Marking as approved.

Additional work we’ll need to do in support of this:

  • Update our LXD templates in distrobuilder to prefer the new variables over the old ones (@monstermunchkin)
  • Send a matching update to CPC for the official Ubuntu images (@stgraber)
  • Update the Ubuntu community images to prefer the LXD datasource in cloud-init (@monstermunchkin)

@stgraber , @monstermunchkin LGTM as well. The one idea that came to mind (but that might be a follow on step) is that cloud-init is planning to provide schema validation (as invalid data is one of most common source of issues). Maybe LXD could somehow expose that ability or even auto-validate what a LXD admit sets up to pass to the container.

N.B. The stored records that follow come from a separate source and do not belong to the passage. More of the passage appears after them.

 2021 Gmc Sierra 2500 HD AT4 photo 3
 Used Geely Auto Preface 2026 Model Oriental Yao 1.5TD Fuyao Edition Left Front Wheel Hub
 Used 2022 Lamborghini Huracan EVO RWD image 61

@cpaelzer, good thought and suggestion and I think something like this would be a followup item for next cycle when cloud-init schema validation has strict coverage for all config modules. Cloud-init’s plan for this cycle will only be the ability to validate #cloud-config user-data via the command cloud-init devel schema --config-file=<some.yaml> --annotate. LXD could potentially invoke that directly in the container image in the future to get machine-readable validation of the cloud-init.user-data, cloud-init.vendor-data provided. But, I do think we’ll need to iron out how best LXD can be informed about supported cloud-init schemas so that it doesn’t have to exec into the image to do validation when someone runs a lxc config set cloud-init.user-data="…". For instance, LXD might also want to perform validation on cloud-init.(user-data|vendor-data) at profile creation time too.

Yeah, moving those keys to a dedicated namespace (cloud-init instead of user) will definitely let us setup proper validation for them.

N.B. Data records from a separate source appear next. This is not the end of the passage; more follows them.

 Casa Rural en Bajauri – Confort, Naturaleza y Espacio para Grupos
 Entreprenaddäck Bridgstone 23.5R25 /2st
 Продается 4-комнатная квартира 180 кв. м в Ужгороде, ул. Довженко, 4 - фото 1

We’ll have to see what ends up being the best way to validate though. Calling an external python script every time a config needs validation would likely get very very expensive (modifying a profile causes all downstream instances to get re-validated).

If there was some kind of standard format for a YAML schema with a Go implementation of such a validator, then it’d likely be quite cheap and something we’d definitely like to do. Folks making a typo and ending up with non-working cloud-init is a very very common thing :slight_smile:

I’ve added schema validation to our ideas list for next cycle. We’ll have to see how things stand at that point and if there’s something we can use to validate this cheaply.

If you’re looking for a schema validation tool with native Go libraries, I recommend the CUE configuration language. We have been using it to great effect for generating Kubernetes YAML from Go. It’s a newer project, but I’ve become a big fan.

You would have to take on a dependency on pre-1.0 CUE to build this into LXD, but at least it’s a pure-Go dependency.

@stgraber I believe there is also a user.meta-data config key which is tied to cloud-init. Did we just forget to mention it here and in the issue, or must this remain as user.meta-data?

We will not keep that configuration key moving forward. It’s always been a very odd one with no real use cases, so it will just go away completely.

@monstermunchkin @stgraber is it intentional that for ubuntu:focal you still need to use user.user-data and for images:ubuntu/focal/cloud you have to use cloud-init.user-data.

It is quite confusing if someone starts looking at cloud-init for the first time (like I did). The documentation at cloud-init - LXD documentation does not say a word about it. It suggests that both ubuntu:focal and images:ubuntu/focal/cloud should work with cloud-init.user-data.